MadSci Network: Computer Science
Query:

Re: This stuff is crazy--please go through the question

Date: Mon Sep 21 13:14:40 2009
Posted By: Mark Huber, Associate Professor, Mathematics and Computer Science
Area of science: Computer Science
ID: 1247894176.Cs
Message:

Answer to MadSci Question about time series using Google data

Question: This stuff is crazy--please go through the question
From: vijaypura
Grade: grad (non-science)
City: bangalore, State/Prov.: karnataka Country: INDIA
Area: Computer Science Message ID Number: 1247894176.Cs

This is about the google search engine-one can create trends in english phrases with reference to different point of time in future, for example I created a phrase "Millions","Perish","Floods","Jan","2009"-I varied the date - number of records fetched peaked during-may,aug & dec 2010.2011,2013 & 2014 fetched minimum records.I checked it with my known marriage dates, where people have not even used internet-it tallies.Here we are actually creating a time-series for occurance of phrases.Is it just random or coincidence or what is it?You too can try it before answering this question.

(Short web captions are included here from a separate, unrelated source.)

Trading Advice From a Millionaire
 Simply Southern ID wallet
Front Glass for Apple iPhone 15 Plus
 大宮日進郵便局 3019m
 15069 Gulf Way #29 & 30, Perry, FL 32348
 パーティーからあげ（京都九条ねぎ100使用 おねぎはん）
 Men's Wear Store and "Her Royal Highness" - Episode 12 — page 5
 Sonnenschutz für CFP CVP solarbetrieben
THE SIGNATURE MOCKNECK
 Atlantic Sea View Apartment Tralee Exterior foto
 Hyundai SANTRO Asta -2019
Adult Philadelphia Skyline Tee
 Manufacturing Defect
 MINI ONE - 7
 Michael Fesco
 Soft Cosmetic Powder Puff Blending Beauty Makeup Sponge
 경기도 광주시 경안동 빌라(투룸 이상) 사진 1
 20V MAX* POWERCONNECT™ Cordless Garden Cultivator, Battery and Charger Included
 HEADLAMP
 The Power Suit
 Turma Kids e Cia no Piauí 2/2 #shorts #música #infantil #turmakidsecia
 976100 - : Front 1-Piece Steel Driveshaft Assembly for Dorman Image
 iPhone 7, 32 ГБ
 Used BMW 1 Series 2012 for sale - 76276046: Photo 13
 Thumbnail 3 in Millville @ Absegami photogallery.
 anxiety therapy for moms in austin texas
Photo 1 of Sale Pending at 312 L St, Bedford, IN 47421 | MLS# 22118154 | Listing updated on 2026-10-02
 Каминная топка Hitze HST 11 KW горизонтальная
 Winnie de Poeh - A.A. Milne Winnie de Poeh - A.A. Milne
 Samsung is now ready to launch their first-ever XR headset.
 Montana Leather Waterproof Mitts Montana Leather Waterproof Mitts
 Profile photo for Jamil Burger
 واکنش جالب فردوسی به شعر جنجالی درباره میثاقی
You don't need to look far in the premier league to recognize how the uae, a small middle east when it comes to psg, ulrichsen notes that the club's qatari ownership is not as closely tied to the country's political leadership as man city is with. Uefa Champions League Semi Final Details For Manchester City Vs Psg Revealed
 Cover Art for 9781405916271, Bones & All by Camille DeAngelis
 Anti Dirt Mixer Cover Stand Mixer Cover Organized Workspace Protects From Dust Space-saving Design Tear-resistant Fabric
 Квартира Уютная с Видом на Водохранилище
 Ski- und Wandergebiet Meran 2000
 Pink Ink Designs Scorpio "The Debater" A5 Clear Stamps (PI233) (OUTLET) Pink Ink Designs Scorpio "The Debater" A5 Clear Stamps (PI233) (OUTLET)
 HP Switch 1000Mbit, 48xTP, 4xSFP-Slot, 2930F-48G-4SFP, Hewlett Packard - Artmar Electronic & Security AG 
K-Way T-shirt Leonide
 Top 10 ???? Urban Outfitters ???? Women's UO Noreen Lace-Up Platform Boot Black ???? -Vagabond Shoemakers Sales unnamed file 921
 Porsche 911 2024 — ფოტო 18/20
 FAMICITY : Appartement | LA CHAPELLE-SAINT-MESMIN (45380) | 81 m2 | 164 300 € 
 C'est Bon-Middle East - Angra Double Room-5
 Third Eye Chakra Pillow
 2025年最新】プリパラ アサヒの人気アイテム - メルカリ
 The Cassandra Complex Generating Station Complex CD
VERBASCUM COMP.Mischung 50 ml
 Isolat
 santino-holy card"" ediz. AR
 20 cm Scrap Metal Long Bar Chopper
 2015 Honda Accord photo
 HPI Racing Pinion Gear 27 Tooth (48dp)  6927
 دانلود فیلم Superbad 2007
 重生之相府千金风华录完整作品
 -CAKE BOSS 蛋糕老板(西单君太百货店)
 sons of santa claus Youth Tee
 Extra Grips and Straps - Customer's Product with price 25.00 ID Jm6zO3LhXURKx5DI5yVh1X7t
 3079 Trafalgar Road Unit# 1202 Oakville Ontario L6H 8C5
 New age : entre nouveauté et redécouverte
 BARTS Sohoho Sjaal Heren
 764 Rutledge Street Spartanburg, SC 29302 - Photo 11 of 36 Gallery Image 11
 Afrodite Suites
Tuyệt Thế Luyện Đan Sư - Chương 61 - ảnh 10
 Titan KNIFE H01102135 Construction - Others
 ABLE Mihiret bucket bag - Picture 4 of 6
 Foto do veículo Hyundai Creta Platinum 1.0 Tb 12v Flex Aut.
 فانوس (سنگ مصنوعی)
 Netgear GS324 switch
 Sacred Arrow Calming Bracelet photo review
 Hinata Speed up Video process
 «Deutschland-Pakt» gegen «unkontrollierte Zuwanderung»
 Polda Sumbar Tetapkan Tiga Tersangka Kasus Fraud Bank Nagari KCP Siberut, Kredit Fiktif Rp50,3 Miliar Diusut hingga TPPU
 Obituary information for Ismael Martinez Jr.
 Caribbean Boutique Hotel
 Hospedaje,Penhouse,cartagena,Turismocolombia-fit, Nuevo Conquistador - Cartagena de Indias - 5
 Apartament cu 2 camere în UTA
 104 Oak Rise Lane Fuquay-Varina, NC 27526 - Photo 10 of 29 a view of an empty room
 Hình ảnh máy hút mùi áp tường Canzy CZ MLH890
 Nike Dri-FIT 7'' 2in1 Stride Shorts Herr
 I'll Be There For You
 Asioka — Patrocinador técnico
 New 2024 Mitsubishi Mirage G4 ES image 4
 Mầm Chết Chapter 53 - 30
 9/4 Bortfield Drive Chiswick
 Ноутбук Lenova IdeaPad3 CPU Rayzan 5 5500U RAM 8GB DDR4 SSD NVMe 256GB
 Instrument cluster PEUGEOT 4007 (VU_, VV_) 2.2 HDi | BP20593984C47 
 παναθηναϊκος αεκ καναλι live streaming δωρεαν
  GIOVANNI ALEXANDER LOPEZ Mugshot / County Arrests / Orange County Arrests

So when I tried your first query "Millions Perish Floods Jan 2009", Google returned 1,320,000 entries. When I tried "Millions Perish Floods May 2010", Google returns 531,000 entries. The numbers change as the date is changed, until "Millions Perish Floods Dec 2014" returns 18,100 entries.

Unfortunately for would be prognosticators, this effect just comes from the fact that humans like to think about the future, but as you move farther in the future, fewer people have written comments/blog entries/tweets about the date.

In fact, many of these pages (as might be expected) are blog entries about people discussing possible apocolyptic futures. People love to scare themselves, and as we get older one of the scariest things imaginable is some enormous planetary event like an asteroid collision that would topple entire civiliations.

Fortunately, just because people discuss such things does not mean that they will happen. It is important to work on the problems the world faces that we can do something about.

So to answer your question, the results that you noted are most definitely not purely random: they are an artifact of the way that humanity tries to make sense of the world. But that does not mean that you should try to use these results to predict future events!